For a frame of reference, the same time U.S. Transformers comics (Hey, look, a joint Japanese-American franchise! How convenient!) were producing hyper-violent stories about big guns and vaguely defined green-gray mech fluid:
But seriously, these are really good. Don't judge them.
Also at the same time, Transformers commercials across the world looked like this: http://www.youtube.com/watch?v=23EvUt5DXZk
Neon everywhere? Gratuitous CGI animation? HARDCORENESS? Holy shit, it's the DBZ Hyper Anime all over again. Cue synthesized bass and dancing Cell.
It's tangential, but it's there to give you an impression of what other Japanese(-ish) productions clearly trying to make themselves more serious at the time were doing, and just how much the Dragon Ball franchise at the time fit in. And of course, at the same time, you also had Godzilla making his kind-of serious, but not-really-that-serious-it-turns-out return in the Heisei series. It was all over.
And before you think, "Well, okay. But Dragon Ball was just being marketed as a serious shonen property for a while. That's pretty timeless," it's not. Dragon Ball was as '90s hardcore as '90s hardcore got. Compare it to the marketing One Piece gets now, which (I don't follow it, but I'm tangentially aware) is still a lot more happy-go-lucky in its films and promotional material. Even Naruto, which, the last time I experienced it back in seventh grade, is a far more self-important series than Dragon Ball ever was, promotes itself a bit more broadly. (And aren't its films a little sillier as well? Am I making that up?)
And finally, let's touch on the much-magligned power levels. I don't want to aggregate all previous discussion on it, but they were clearly less an effort to provide a message on over-reliance upon technology, and more a calculated attempt to appeal to children in that serious shonen vein.

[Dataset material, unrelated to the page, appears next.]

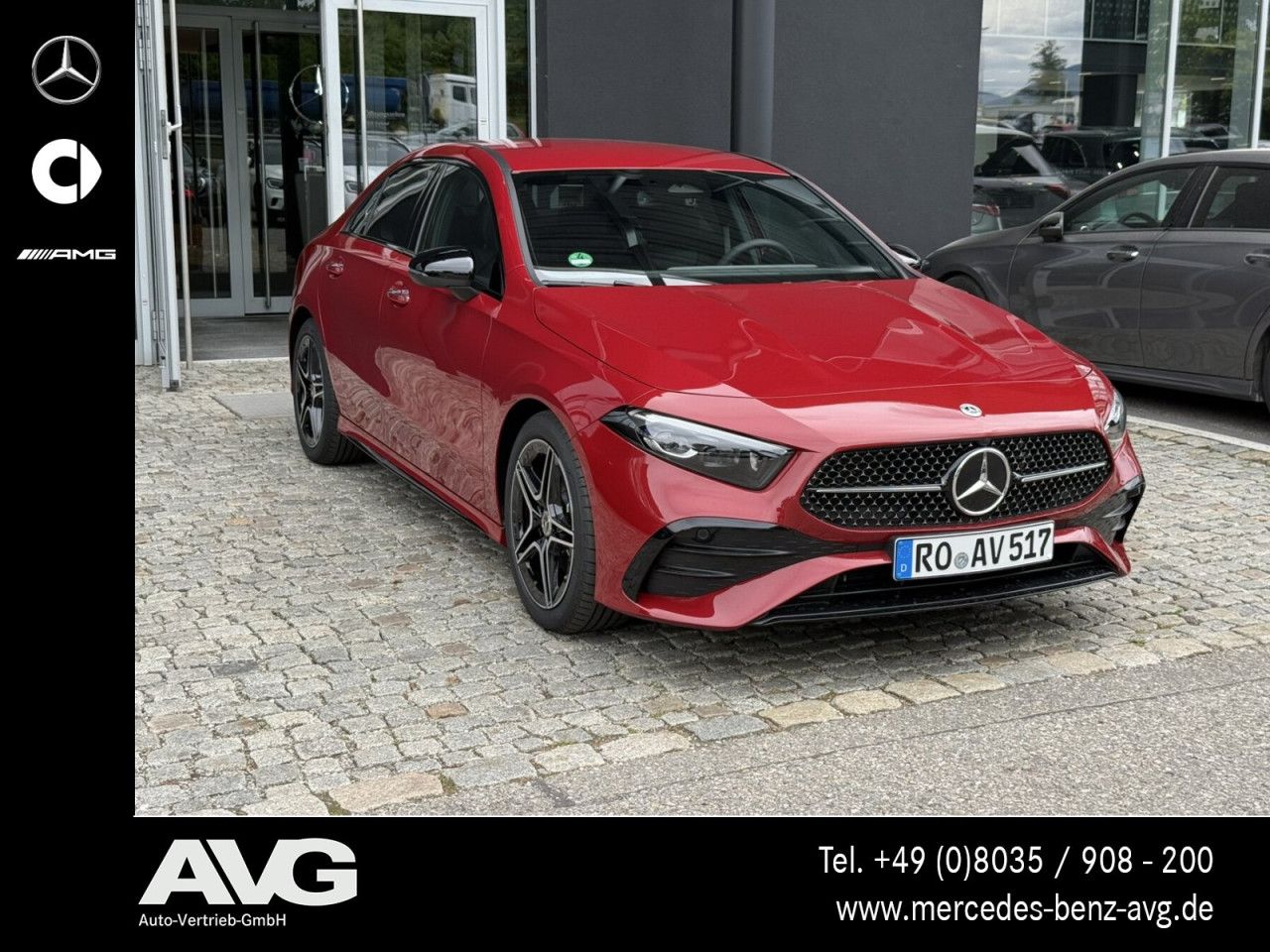 Mercedes-Benz A-Klasse – Bild 3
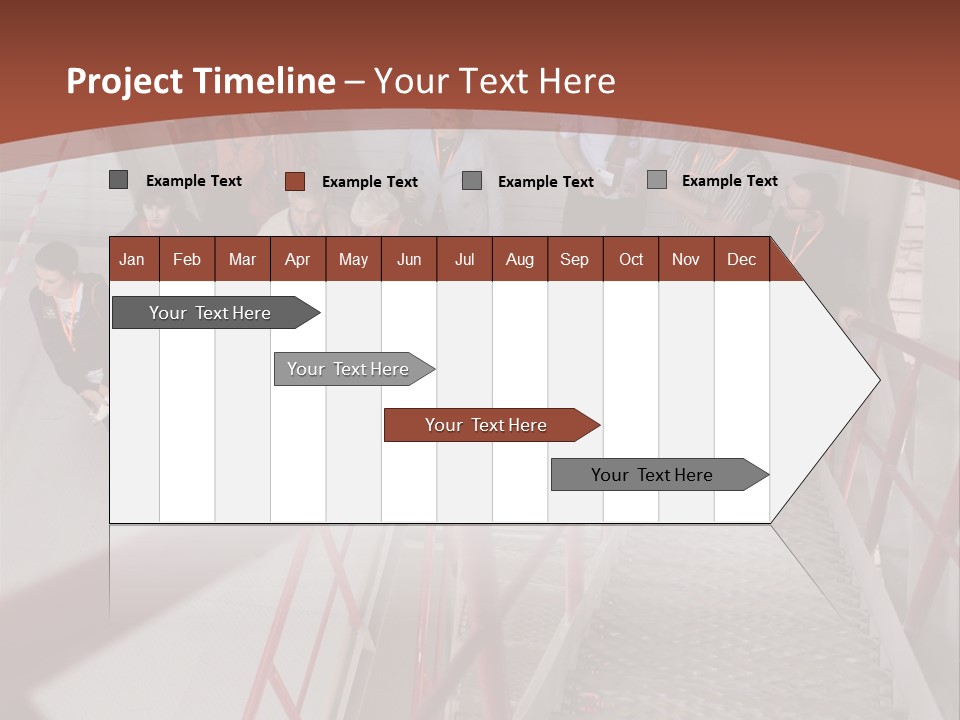 Plant Press People PowerPoint Template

It's been discussed here multiple times before. Japanese children, more so than in the West, it seems, dig numerical power rankings, card games, etc. To that extent, they continued to appear in promotional materials (we had some movie power-level magazine scans floating around here recently, didn't we?) and Carddass sets years and years later. The "Kili" in the Boo arc seem less a story-telling necessity and more an attempt to promote a more useable scale as well. I have no doubt someone was giving Toriyama input from a marketing perspective.
So, yeah. It's all a very Saturday-morning, Japanese, '90s sort of "hardcore," but that was the face of Dragon Ball for a long time in Japan. That was what got kids buying the merchandise and what put them in their theater seats each break to see hardcore villains like Coola and Android 13 tearing up the screen. Dragon Ball was less tongue-in-cheek and more "cool" and "hardcore" in a way not even most "serious" shonen series have been since. It's plainly obvious how much the franchise has moved away from that aesthetic in recent years as well. There are virtually no traces of it in the happy-go-lucky Kai era (again, similar to One Piece's branding). (Although we get a bit. Post-Budokai video-game intros/promotion, anyone? A certain element of that '90s edge has never left the series.)
And so, when it came stateside and got its Saturday-morning, American, mid- to late- '90s sort of "hardcore" reimagining, is it really so outrages? Before you laugh at the idea of "hardcore" Dragon Ball, think really hard about whether or not you enjoy any non-manga aspect of the franchise from the '90s. It was the product of a seriously "hardcore" age, and that philosophy has become so entwined with the franchise, it'll never truly leave (see again, all recent video-games, just to start with).